Music and poetry have long been connected. The Poetry Foundation's "Poetry and Music" collection explains these two art form's extensive entwinement — dating from antiquity — when poems were often sung — to more recently, when "poets such as W.H. AudenJ.D. McClatchy, and Eileen Myles have written successful opera libretti."

Even though we normally share music with our audiences, we find that this is a perfect time to share poetry as well. So in the coming days, this page will be updated to include more hosts and staffmembers' picks. We hope they bring you joy, comfort, and excitement.


George Preston, WFMT Vice President and General Manager

George shares a poem by shares a poem by A.E. Housman: "A Shropshire Lad 2: Loveliest of trees, the cherry now." Read the poem at poetryfoundation.org.




Maggie Clennon Reberg, WFMT Host

Maggie shares two poems by Walt Whitman on the themes of springtime, nature, and music.




Robbie Ellis, WFMT Announcer

Robbie shares a poem entitled "Mental note #18" by a fellow New Zealander: poet Renee Liang.




Andi Lamoreaux, WFMT Music Director

Andi chose "Mending Wall" by Robert Frost (read it in its entirety at the Poetry Foundation's website).

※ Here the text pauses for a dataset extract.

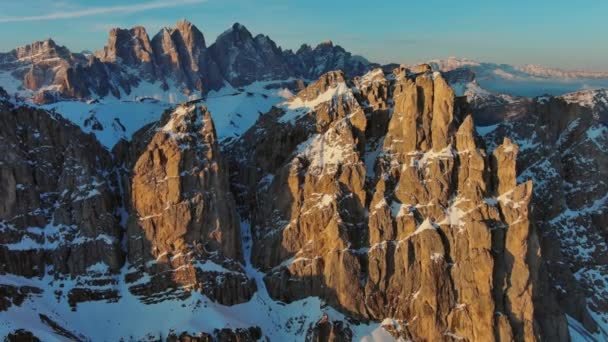 Güneşin Doğuşunda Kardaki Kayalık Dağların Etrafındaki Hava Manzarası Dolomitler Talya — Stok video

Here's what she had to say about the poem:



One reason I like this poem is that it reminds me of my New England roots. There, property boundaries are often defined by stone walls, and some call these stone fences. They can be  piled up just anyhow, or they can be more painstakingly built of stones that fit together with only miniscule gaps. The narrator here is talking about the piled-up kind. As he looks at the damage that winter weather and hunters have caused, and walks the boundary with his neighbor, he wonders rather whimsically whether a wall is needed at all, and then there’s that lovely line: “Something there is that doesn’t love a wall/That wants it down.”

He’s humorous and thoughtful about the whole thing, but he gets no response from the neighbor, who’s not listening, only saying things he’s heard before. Do we too just carry out routine tasks, follow traditional customs, without thinking why? Do we build walls of many types, not just stone ones, where’s there no need for them to be? And when we come out from behind the walls we’ve had to build to protect ourselves from a devastating illness, will we simply throw up others?